De désirs, il est également beaucoup question dans la première contribution pakistanaise en sélection officielle (Un certain regard). A la froideur étudiée de Decision to Leave, Joyland de Saim Sadiq oppose des couleurs bariolées, de la danse, du chant, et la description chaleureuse mais lucide d’une famille à Lahore, sous le joug des traditions patriarchales. Haider (Ali Junejo) est un homme doux et respectueux qui se trouve être le dernier rejeton mâle de sa famille, au grand désespoir de son père qui se désole de voir son fils aîné n’engendrer que des filles. Haider, lui, n’a pas d’enfants du tout, est homme au foyer et incapable de tuer une chèvre. C’est sa femme Mumtaz (l’excellente Rasti Farooq) qui s’en charge. Elle s’entend bien avec Haider mais – chose indicible dans cette famille – elle refuse de devenir mère. On comprend vite qu’Haider est homosexuel et qu’il entretient avec sa femme une relation surtout amicale. Par hasard, il se fait embaucher comme danseur dans un cabaret et tombe amoureux de Biba, une femme trans (Alina Khan).

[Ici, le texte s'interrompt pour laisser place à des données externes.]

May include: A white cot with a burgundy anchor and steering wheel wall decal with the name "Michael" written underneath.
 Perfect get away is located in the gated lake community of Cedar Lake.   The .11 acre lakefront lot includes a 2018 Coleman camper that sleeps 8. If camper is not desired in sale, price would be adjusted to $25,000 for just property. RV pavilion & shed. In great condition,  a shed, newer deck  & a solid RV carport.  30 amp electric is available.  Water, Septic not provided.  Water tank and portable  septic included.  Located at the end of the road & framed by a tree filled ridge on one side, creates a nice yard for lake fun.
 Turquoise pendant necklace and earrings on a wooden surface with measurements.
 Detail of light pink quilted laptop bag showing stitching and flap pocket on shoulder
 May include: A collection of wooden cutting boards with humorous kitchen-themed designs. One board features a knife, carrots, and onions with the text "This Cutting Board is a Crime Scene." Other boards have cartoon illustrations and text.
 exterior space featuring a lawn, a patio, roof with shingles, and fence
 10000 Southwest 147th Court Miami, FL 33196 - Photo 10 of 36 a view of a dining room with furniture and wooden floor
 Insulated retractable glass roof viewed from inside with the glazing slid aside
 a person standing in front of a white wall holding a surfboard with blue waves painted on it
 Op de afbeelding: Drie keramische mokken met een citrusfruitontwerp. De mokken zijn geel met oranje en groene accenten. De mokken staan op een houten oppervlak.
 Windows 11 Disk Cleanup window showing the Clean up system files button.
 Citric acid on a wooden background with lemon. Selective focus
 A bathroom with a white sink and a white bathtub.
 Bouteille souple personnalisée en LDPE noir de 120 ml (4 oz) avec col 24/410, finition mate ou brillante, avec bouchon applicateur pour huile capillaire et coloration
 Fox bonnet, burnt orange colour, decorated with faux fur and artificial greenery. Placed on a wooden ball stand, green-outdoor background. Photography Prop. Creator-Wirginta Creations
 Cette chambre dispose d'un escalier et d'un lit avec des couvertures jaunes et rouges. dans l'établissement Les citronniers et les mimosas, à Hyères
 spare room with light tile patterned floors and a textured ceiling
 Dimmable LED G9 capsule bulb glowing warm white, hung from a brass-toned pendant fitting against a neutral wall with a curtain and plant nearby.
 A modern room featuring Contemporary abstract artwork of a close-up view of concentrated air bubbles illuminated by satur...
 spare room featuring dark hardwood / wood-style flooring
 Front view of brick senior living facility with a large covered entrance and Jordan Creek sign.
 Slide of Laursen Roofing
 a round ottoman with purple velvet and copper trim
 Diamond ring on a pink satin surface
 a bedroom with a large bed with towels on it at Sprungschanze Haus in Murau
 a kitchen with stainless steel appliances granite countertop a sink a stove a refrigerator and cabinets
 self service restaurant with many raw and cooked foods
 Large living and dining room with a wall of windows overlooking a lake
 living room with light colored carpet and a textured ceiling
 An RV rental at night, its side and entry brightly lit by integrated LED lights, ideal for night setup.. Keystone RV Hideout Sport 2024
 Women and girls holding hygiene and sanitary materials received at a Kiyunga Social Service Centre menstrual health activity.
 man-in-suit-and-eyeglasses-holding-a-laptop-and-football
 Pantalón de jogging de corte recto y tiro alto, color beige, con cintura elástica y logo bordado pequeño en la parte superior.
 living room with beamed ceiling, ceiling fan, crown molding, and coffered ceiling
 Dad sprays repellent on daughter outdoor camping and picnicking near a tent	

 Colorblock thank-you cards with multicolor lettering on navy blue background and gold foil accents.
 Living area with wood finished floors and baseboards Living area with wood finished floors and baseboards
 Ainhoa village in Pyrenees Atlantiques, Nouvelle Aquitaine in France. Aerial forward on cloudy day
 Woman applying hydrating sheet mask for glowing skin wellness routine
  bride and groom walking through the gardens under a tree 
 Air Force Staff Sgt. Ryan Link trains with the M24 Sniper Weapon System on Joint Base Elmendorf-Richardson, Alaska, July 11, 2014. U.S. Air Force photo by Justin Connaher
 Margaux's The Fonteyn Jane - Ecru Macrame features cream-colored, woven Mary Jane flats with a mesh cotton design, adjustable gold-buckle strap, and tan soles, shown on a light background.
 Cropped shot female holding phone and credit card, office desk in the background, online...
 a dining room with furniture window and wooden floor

Au propre (voir l’image ci-dessous) comme au figuré, l’existence de Biba va prendre toute la place dans sa vie.

❝Alors qu’en Occident, on imagine facilement le Pakistan comme un lieu gangrené par l’islamisme, Saim Sadiq révèle qu’il existe une autre facette de ce pays dans lequel la discrimination contre les personnes trans est interdite par une loi votée en 2018.❞

Joyland DR

Avec finesse, humour et émotion, Joyland – financé par les Etats-Unis mais tourné au Pakistan – explore les concepts de genres dans un milieu très conservateur. Chose rare, tous les personnages sont ici considérés avec bienveillance: du père, victime de sa propre intransigeance, à la vieille voisine condamnée par son fils à s’enfermer chez elle pour préserver « son honneur », en passant par la danseuse trans qui aime Haider mais ne renoncera pas pour autant à se faire opérer, jusqu’à l’épouse de Haider et celle de son frère aîné, qui ne peuvent se lâcher qu’en l’absence des hommes.

Alors qu’en Occident, on imagine facilement le Pakistan comme un lieu gangrené par l’islamisme, Saim Sadiq révèle qu’il existe une autre facette de ce pays dans lequel la discrimination contre les personnes trans est interdite par une loi votée en 2018. Ce film sensible et attachant est l’une des belles surprises du festival.

Cet article a été corrigé le 24/05/2022 à 18h30 pour ajouter une précision sur la place des personnes trans au Pakistan.